Even though the American troops are victorious in this battle, one cannot help but be struck by the fact that the lives of many wonderful young Americans (not to mention the Vietnamese) were lost in an ultimately futile cause. Moore’s book itself ends with a quotation from the Prussian military strategist Clausewitz: "No one starts a war — or, rather, no one in his senses ought to do so — without first being clear in his mind what he intends to achieve by that war and how he intends to achieve it." (Something we should certainly contemplate as the possibility of an American invasion of Iraq looms).
One of the coolest things about DVDs is that they often contain scenes that were deleted from a film’s original release. The scenes are usually deleted to shorten the movie and/or improve its pacing. The scenes deleted from this film are truly amazing. I don’t know how the director, Randal Wallace, could have cut them. (Actually, I admire Wallace’s ability to cut such good material. I’ve preached many a sermon that would have been better if I had left some stuff out, but some things are just hard to cut.)

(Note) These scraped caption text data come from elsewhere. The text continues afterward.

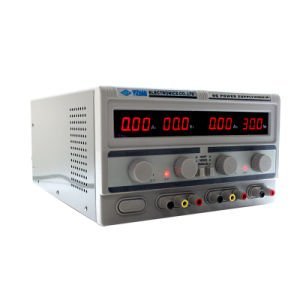 375929Power-Supplies-Regulated-Digital manufacturer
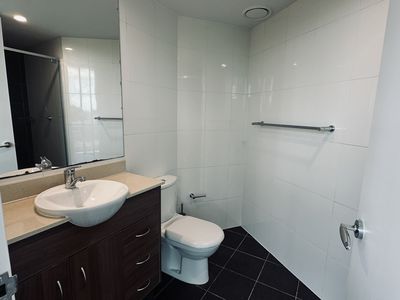 505a / 1 Como Crescent, Southport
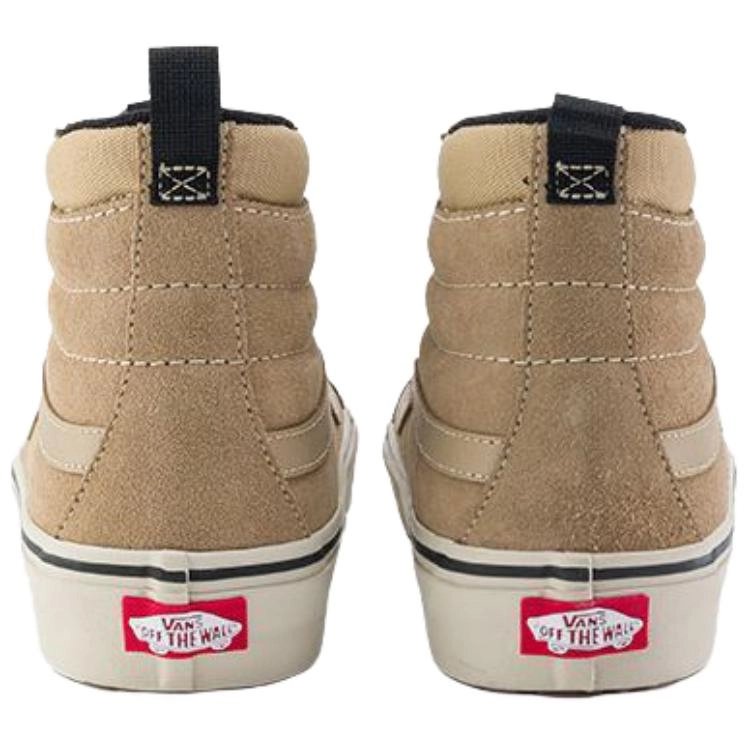 Vans MTE Sk8-Hi Insulated
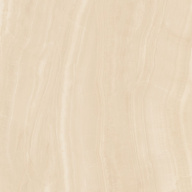 SG631622R Контарини бежевый лаппатированный обрезной 60x60x0,9 керамогранит KERAMA MARAZZI SG631622R Контарини бежевый лаппатированный обрезной 60x60x0,9 керамогранит KERAMA MARAZZI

The deleted scene over which Wallace admitted that he grieved the most depicts a Sunday worship service (the battle began on a Sunday) at a protestant chapel at Fort Benning, Georgia. Many of the soldiers’ wives are present at the service. They had put on a brave face in front of their husbands as they left for battle, but now their brave façades were beginning to crack. One of them stands in front of the congregation and begins to sing a solo, “On Christ the Solid Rock.” She falters after she sings the opening lines: “My hope is built on nothing less than Jesus’ blood and righteousness; I dare not trust the sweetest frame…” She apologizes and attempts unsuccessfully to start again. Finally, Julie Moore (Col. Moore’s wife) begins to sing the chorus, “On Christ the solid Rock, I stand—All other ground is sinking sand, All other ground is sinking sand.” She is joined by others in the congregation. This give the soloist, the strength to go on with the verse: “When darkness veils His lovely face, I rest on His unchanging grace; When all around my soul gives way, He then is all my hope and stay.” The scene is made even more powerful because among the actors in the congregation are the real Hal and Julie Moore and the real Barbara and Cami Geoghean (Barbara’s husband, John, was a young lieutenant killed in the battle. Cami was their daughter).

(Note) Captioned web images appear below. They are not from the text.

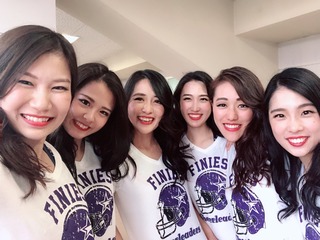 41E8E0F3-D0C9-457B-8911-EF89C7AFE1AF.jpeg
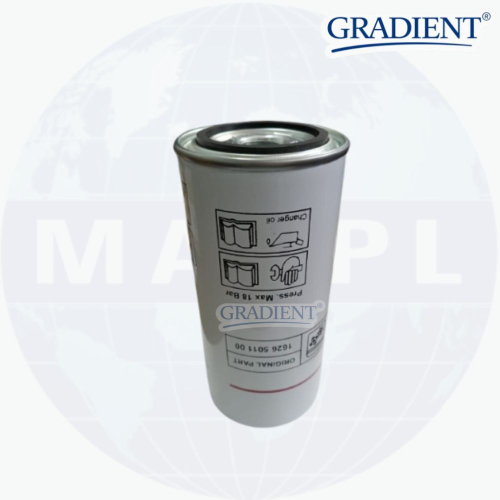 ATLAS COPCO OIL FILTER 162650110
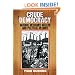 Crude Democracy: Natural Resource Wealth and Political Regimes (Cambridge Studies in Comparative Politics)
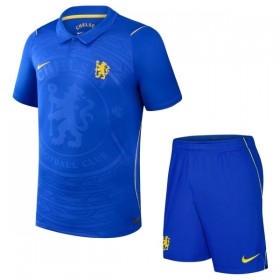 Goedkope Chelsea Kids Thuistenue 2026-27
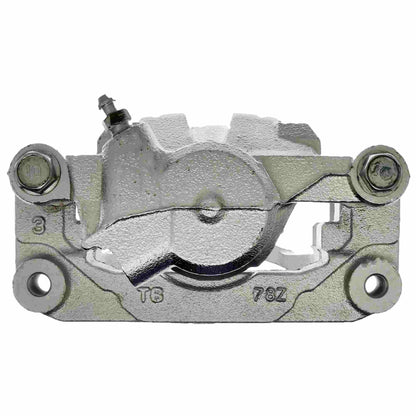 Raybestos Brakes Disc Brake Caliper FRC12571N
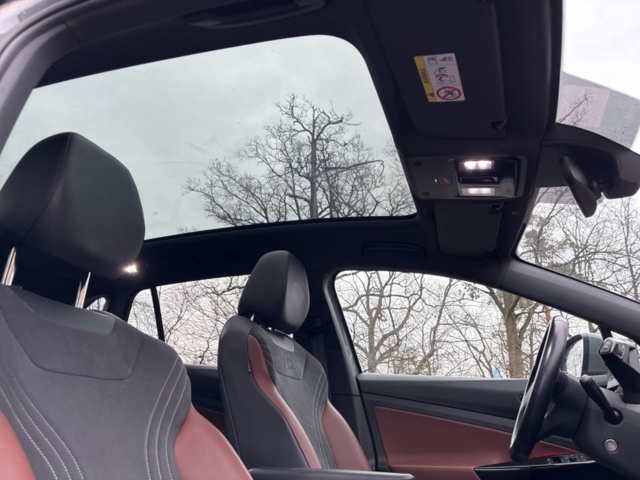 1478318-67 Volkswagen ID.4 Pro Performance - 2022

As I contemplated this deleted scene, I realized that much of our lives is like that. Many of the scenes of our lives are open to public but there are those other scenes that the public does not see. It is there that our true selves are often revealed. Some scenes we would be embarrassed for others to see. But it is also out of public view that often a person’s true struggles are revealed and also the faith that enables them to face life’s challenges. As in the movie’s deleted scene, it is often in the context of church that we allow our public faces to drop and we become “real” to one another. Such times are moments of grace and power.